## Stored items
━━━━━━━━━━
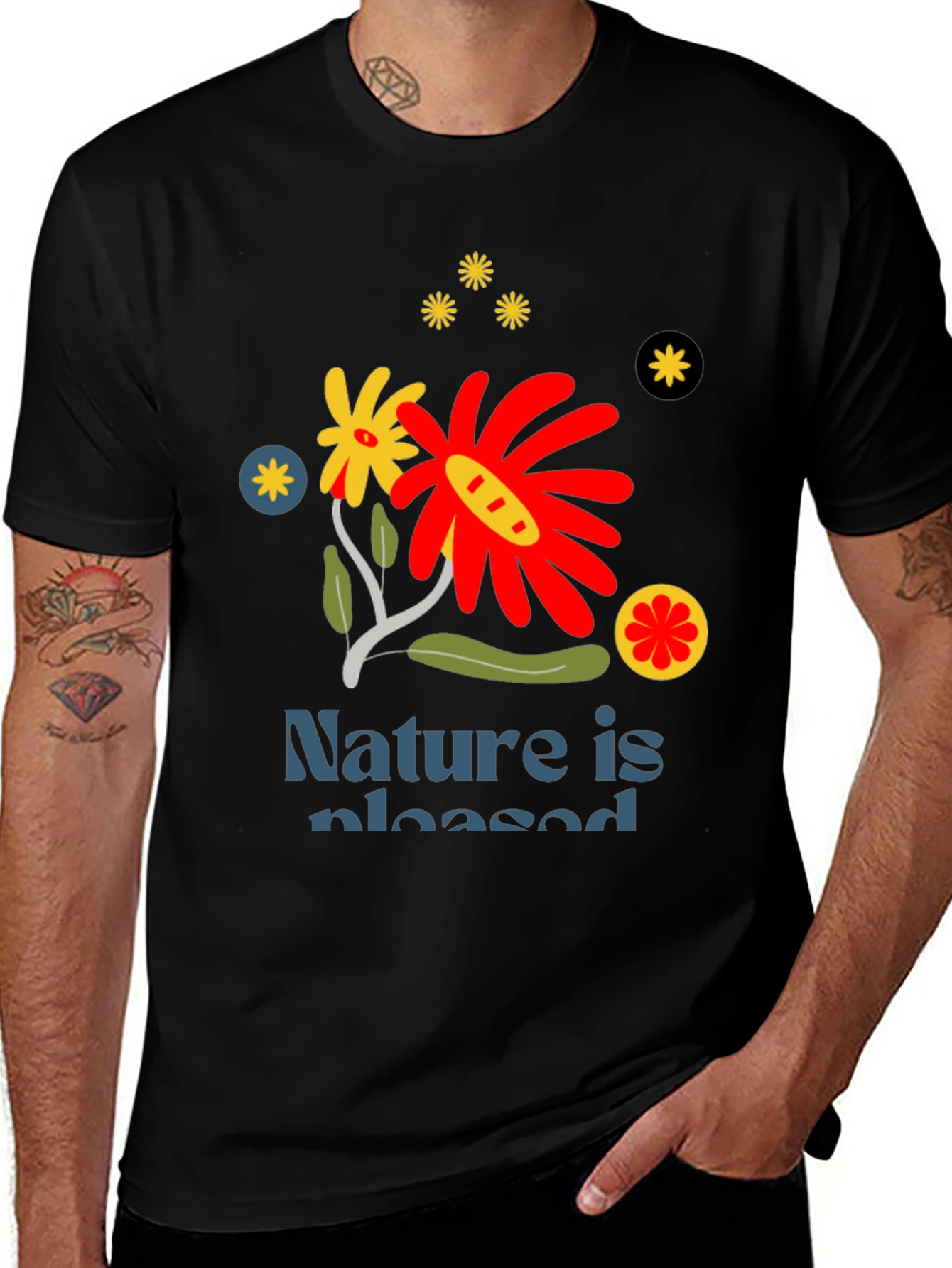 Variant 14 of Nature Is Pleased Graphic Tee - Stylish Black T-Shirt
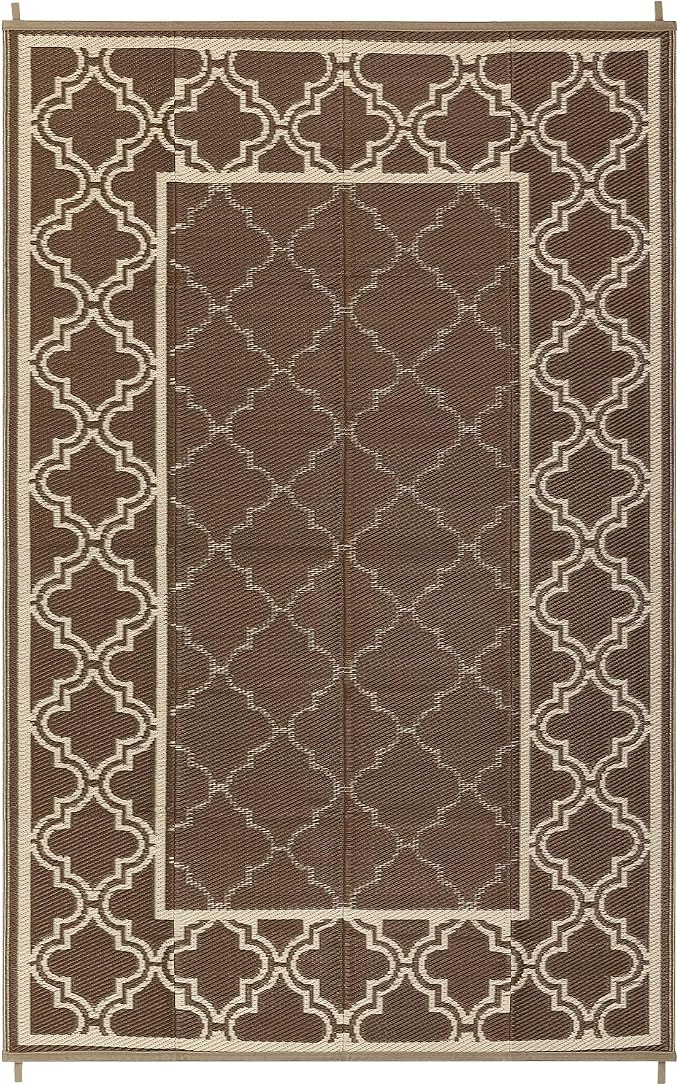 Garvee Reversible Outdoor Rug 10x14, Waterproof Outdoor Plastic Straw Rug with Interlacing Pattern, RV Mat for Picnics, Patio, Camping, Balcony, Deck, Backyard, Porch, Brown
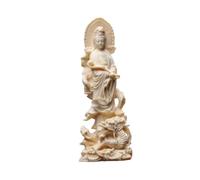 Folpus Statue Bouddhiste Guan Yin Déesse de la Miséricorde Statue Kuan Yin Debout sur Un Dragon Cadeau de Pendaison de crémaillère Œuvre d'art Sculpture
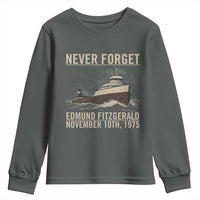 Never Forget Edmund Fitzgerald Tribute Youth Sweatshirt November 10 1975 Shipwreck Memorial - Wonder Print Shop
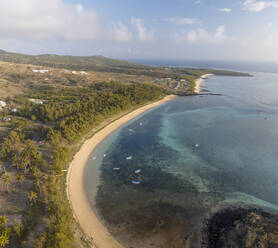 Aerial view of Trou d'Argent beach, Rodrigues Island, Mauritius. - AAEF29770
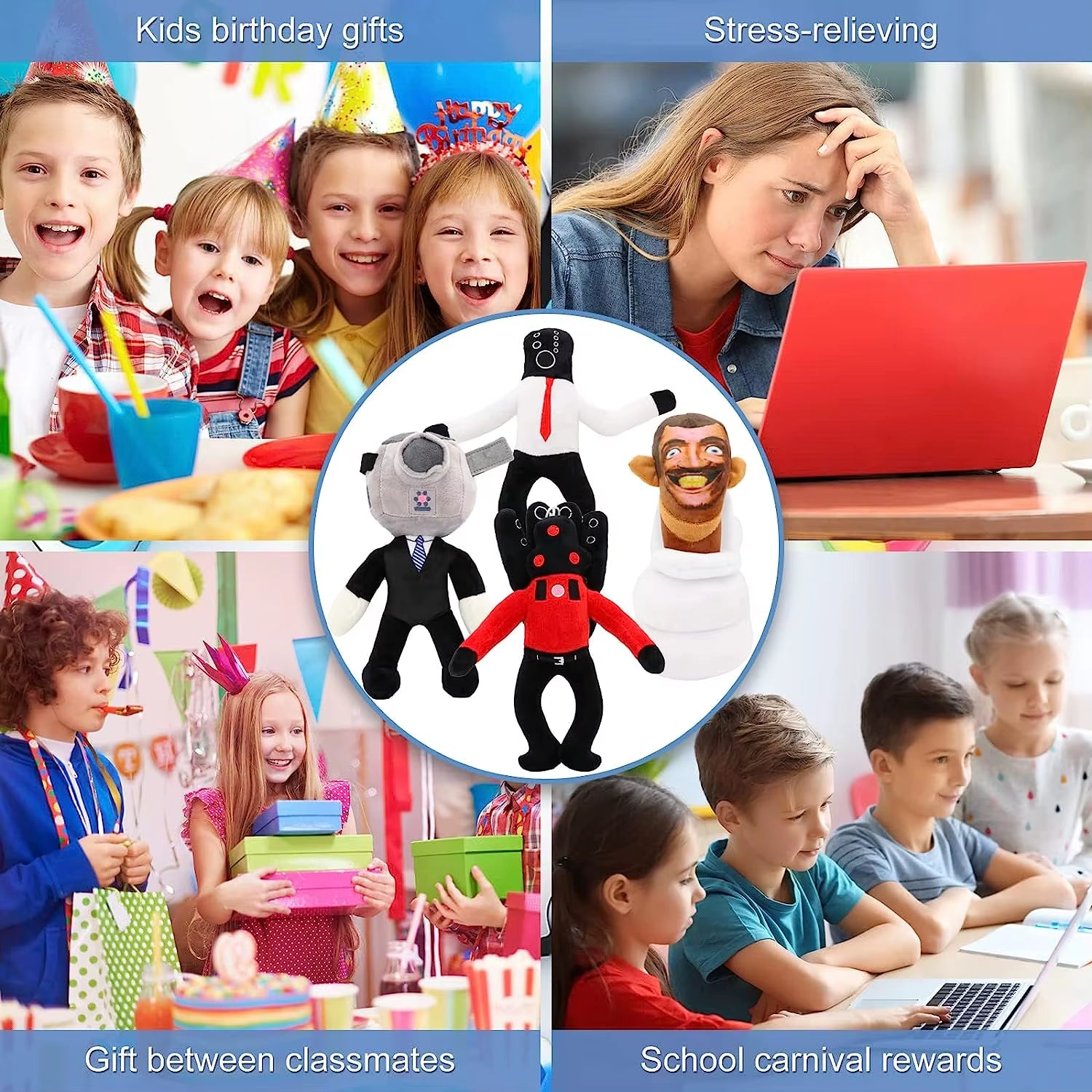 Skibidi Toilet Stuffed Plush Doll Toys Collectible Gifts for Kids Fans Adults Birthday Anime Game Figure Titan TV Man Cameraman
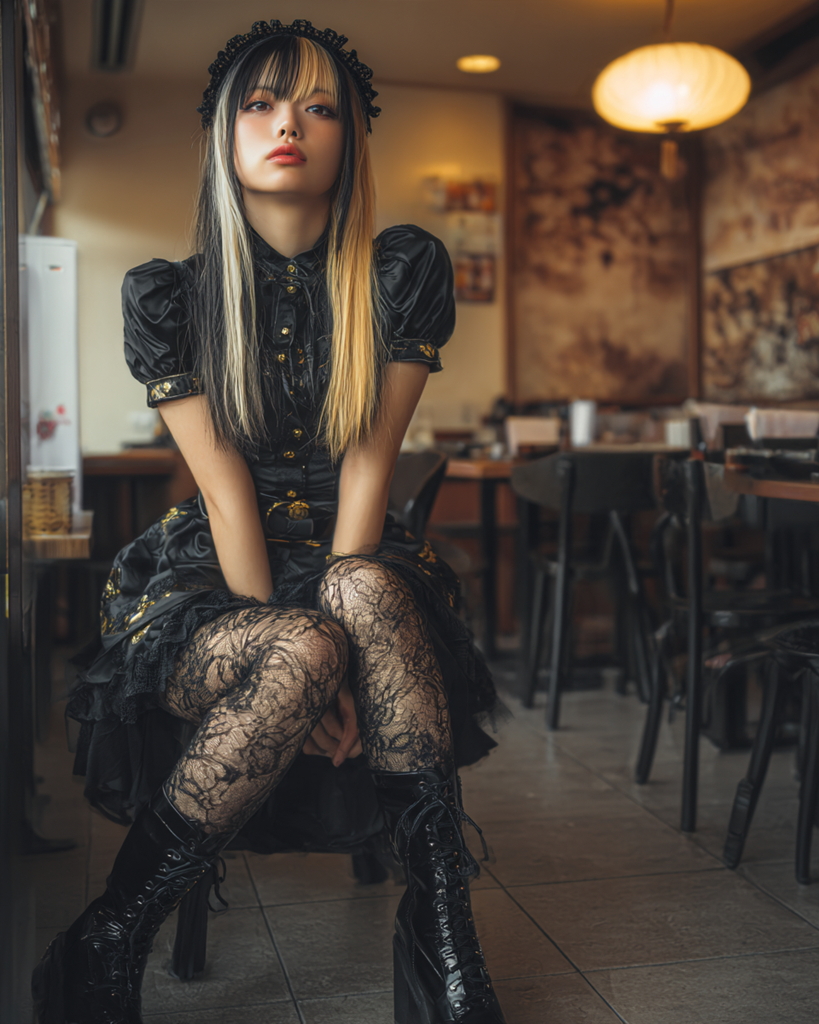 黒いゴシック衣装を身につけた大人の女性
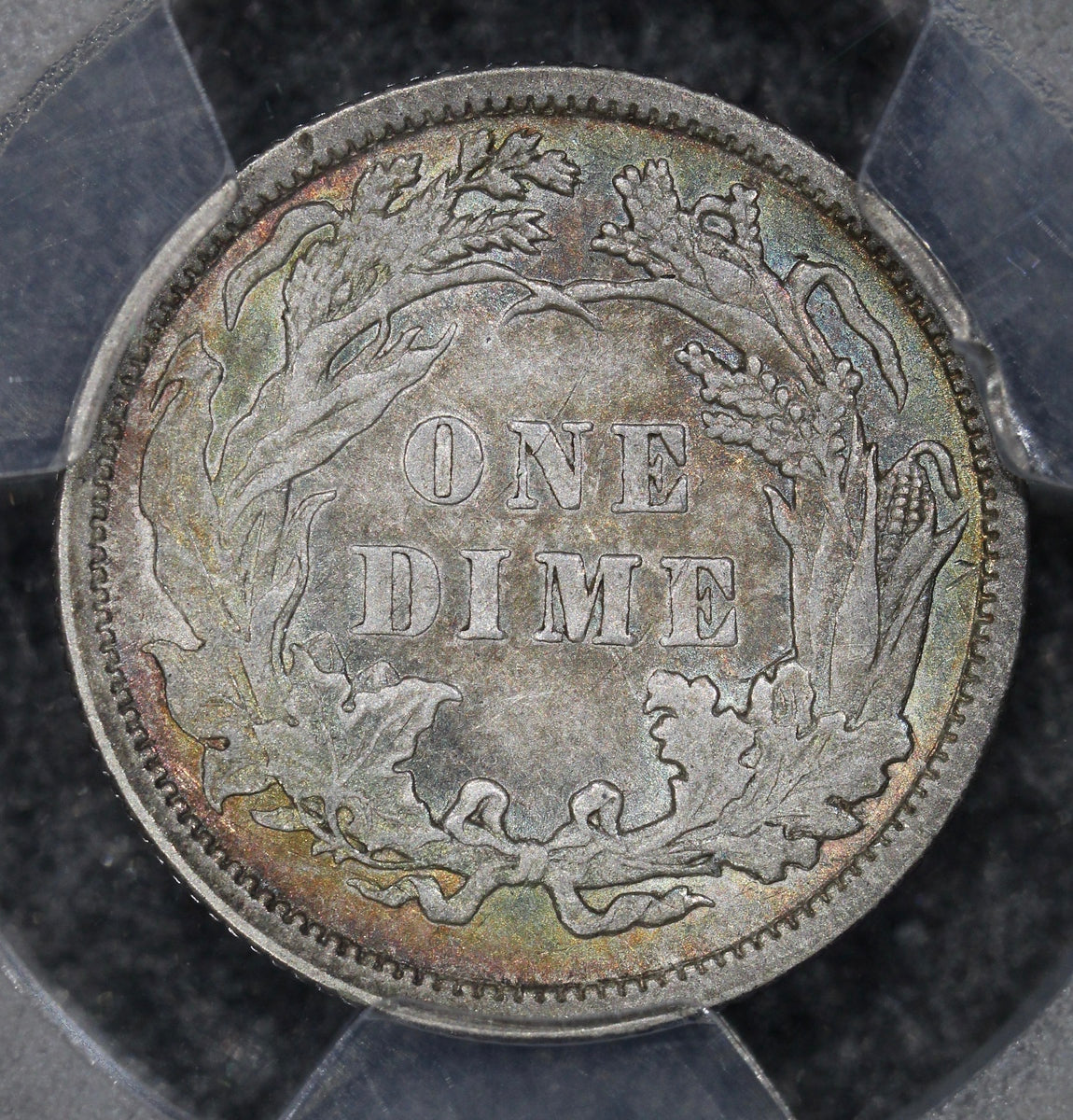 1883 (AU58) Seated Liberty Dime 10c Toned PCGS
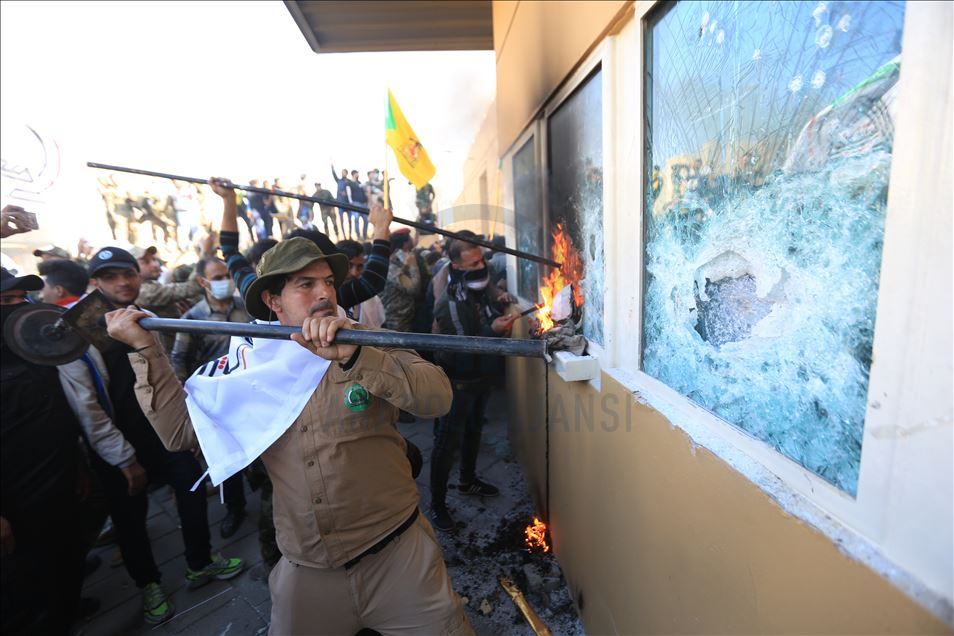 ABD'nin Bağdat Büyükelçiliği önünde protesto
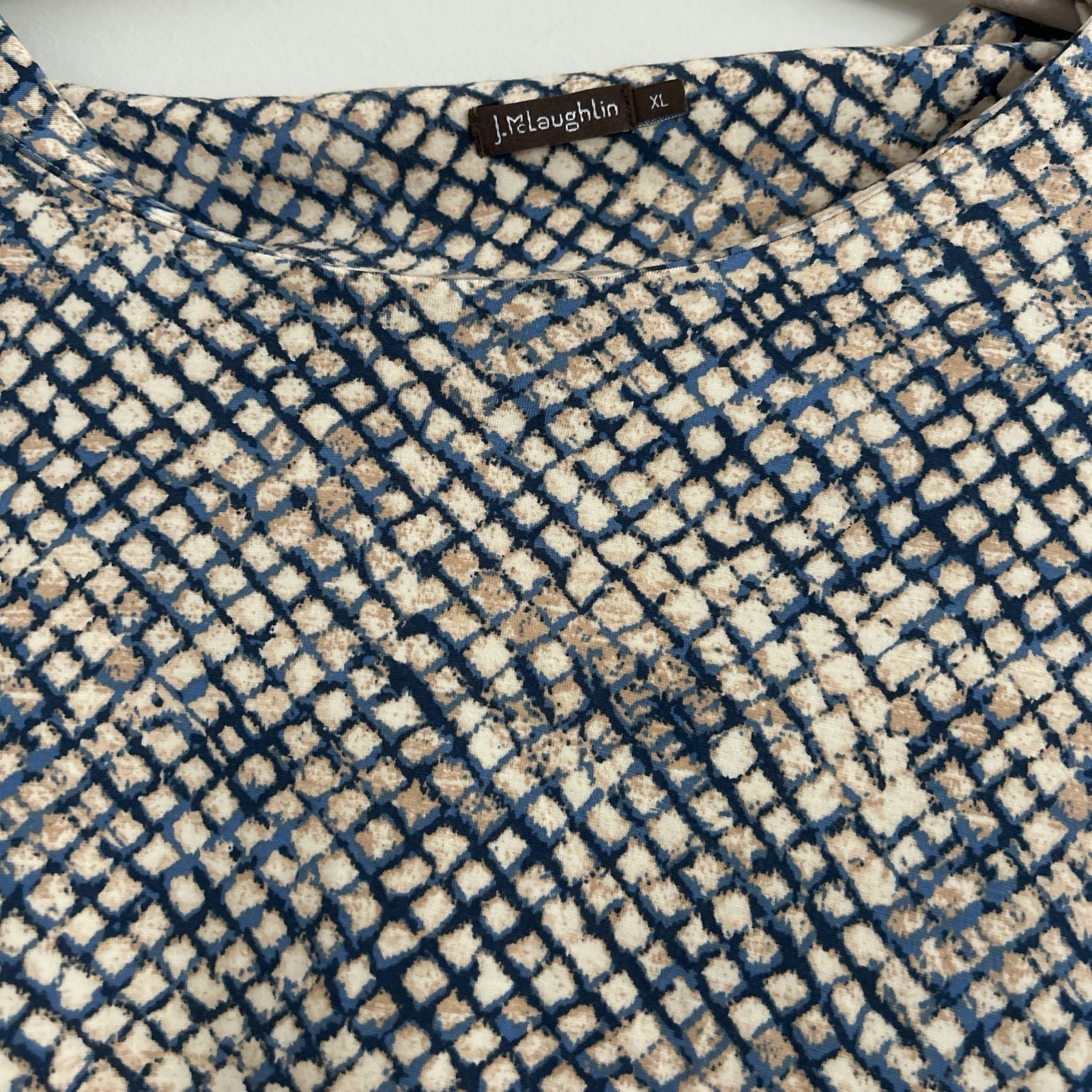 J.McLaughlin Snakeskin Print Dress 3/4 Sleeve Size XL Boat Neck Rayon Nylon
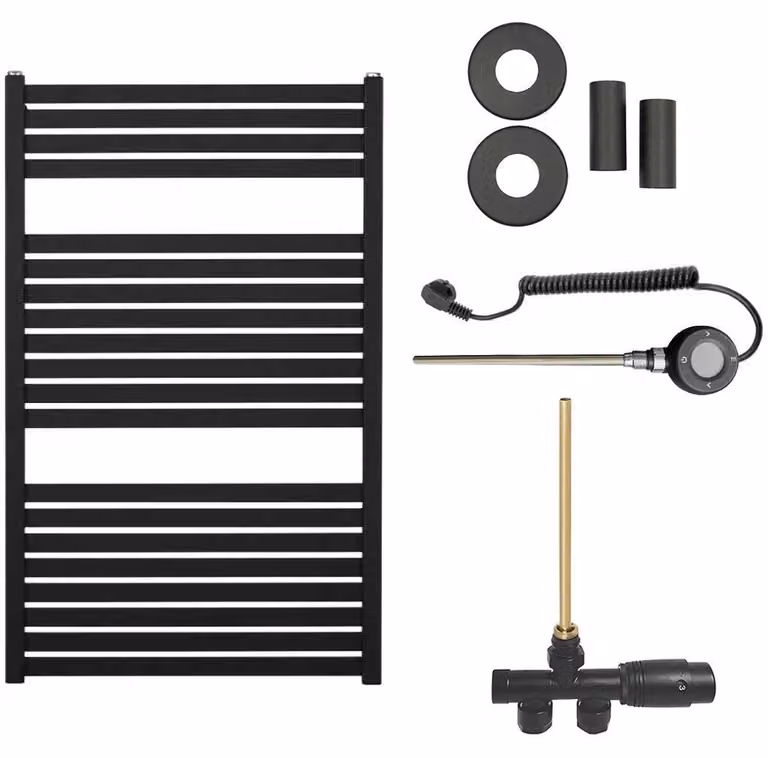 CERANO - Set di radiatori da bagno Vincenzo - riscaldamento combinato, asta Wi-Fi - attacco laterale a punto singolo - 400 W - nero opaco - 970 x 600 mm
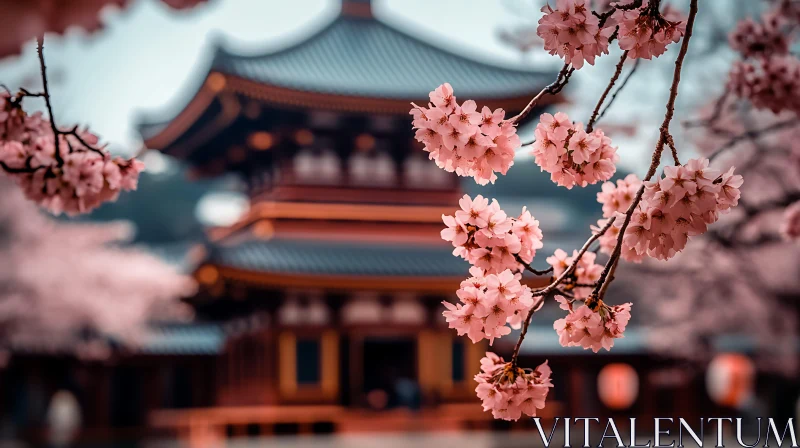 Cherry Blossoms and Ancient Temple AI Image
━━━━━━━━━━
## Assignment
Through the line containing "Aerial view of" and no further, restate the data above word for word from its first line, leaving out pictures.

## The completed task
 Variant 14 of Nature Is Pleased Graphic Tee - Stylish Black T-Shirt
 Garvee Reversible Outdoor Rug 10x14, Waterproof Outdoor Plastic Straw Rug with Interlacing Pattern, RV Mat for Picnics, Patio, Camping, Balcony, Deck, Backyard, Porch, Brown
 Folpus Statue Bouddhiste Guan Yin Déesse de la Miséricorde Statue Kuan Yin Debout sur Un Dragon Cadeau de Pendaison de crémaillère Œuvre d'art Sculpture
 Never Forget Edmund Fitzgerald Tribute Youth Sweatshirt November 10 1975 Shipwreck Memorial - Wonder Print Shop
 Aerial view of Trou d'Argent beach, Rodrigues Island, Mauritius. - AAEF29770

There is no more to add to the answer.